◆ What is needed: The lines to repeat are those below from the one containing "Geberit Mapress Edelstahl" down to the one containing "ATEEZ - WOOYOUNG : FY. BEAT Nolae", both included; reproduce them exactly and nothing else.

=== Data extract ===

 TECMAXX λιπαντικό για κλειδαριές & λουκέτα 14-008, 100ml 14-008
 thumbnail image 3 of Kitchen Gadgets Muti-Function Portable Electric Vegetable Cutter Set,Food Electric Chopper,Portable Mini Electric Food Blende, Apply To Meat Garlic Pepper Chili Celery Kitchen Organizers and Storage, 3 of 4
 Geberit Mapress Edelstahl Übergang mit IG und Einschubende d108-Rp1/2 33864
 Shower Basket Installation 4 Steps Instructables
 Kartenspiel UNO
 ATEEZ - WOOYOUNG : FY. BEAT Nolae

===
=== Data extract ===

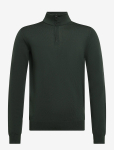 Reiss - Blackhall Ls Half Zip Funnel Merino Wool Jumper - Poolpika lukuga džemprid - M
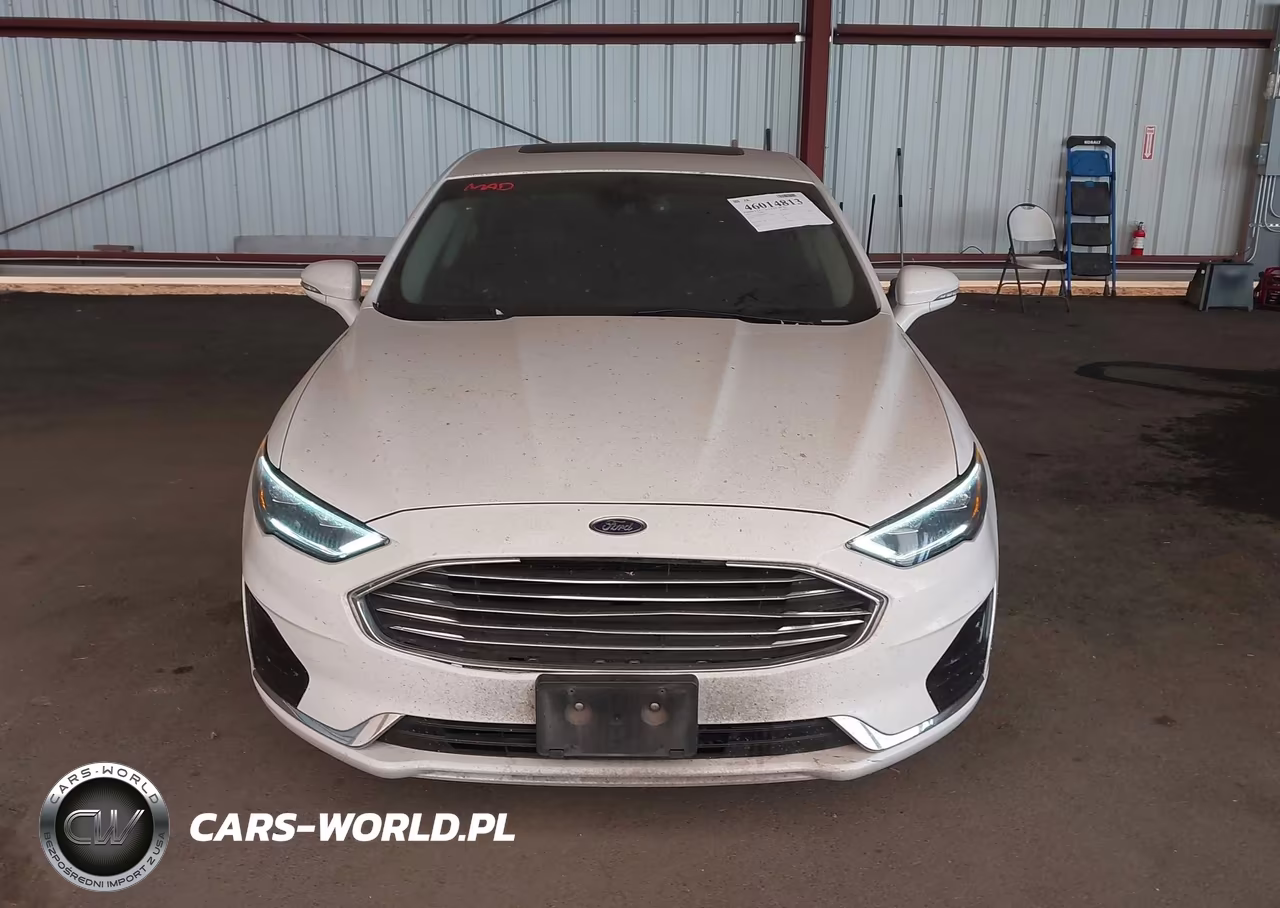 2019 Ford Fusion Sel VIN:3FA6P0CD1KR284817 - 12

===
=== Data extract ===

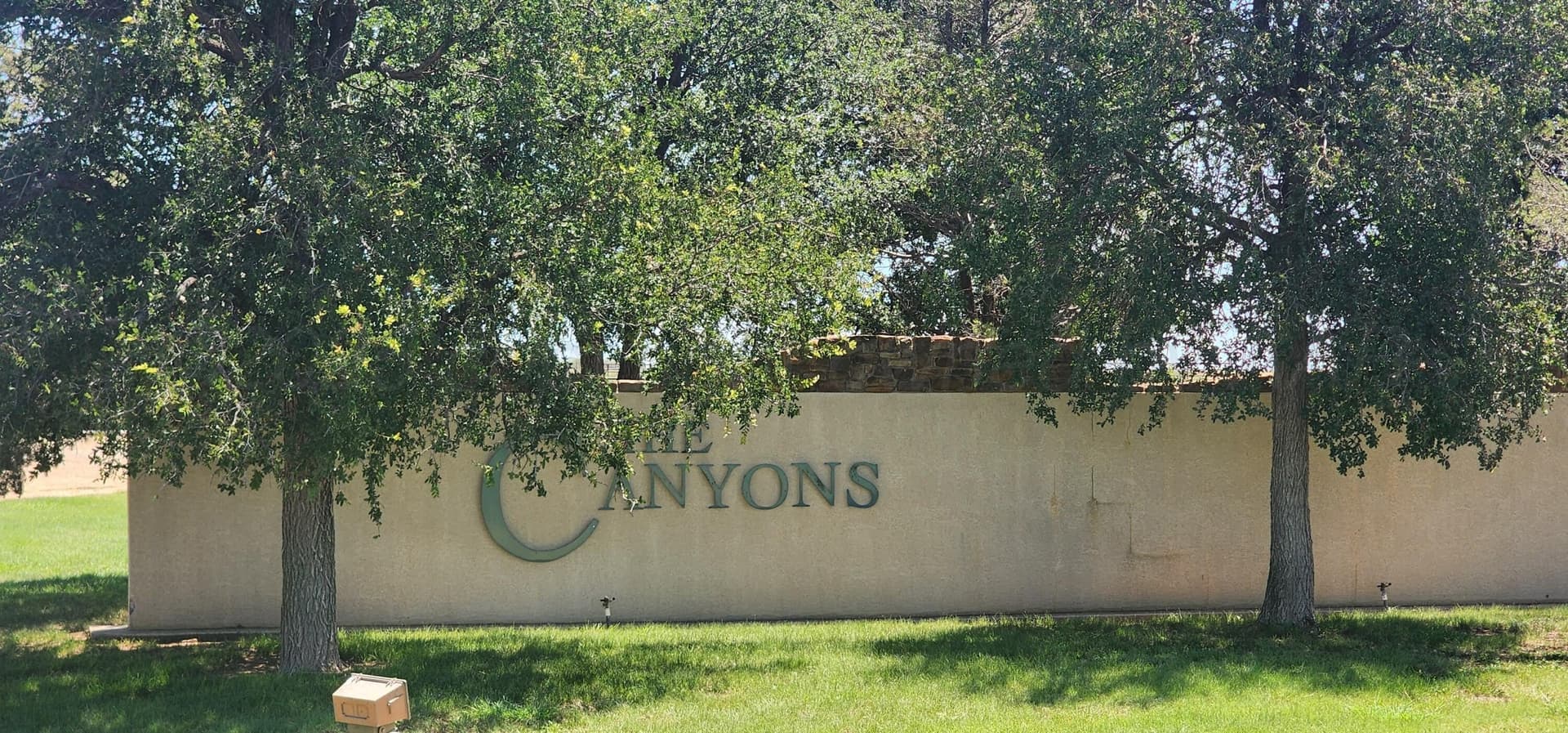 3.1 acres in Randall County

===

◆ Exercise response:
 Geberit Mapress Edelstahl Übergang mit IG und Einschubende d108-Rp1/2 33864
 Shower Basket Installation 4 Steps Instructables
 Kartenspiel UNO
 ATEEZ - WOOYOUNG : FY. BEAT Nolae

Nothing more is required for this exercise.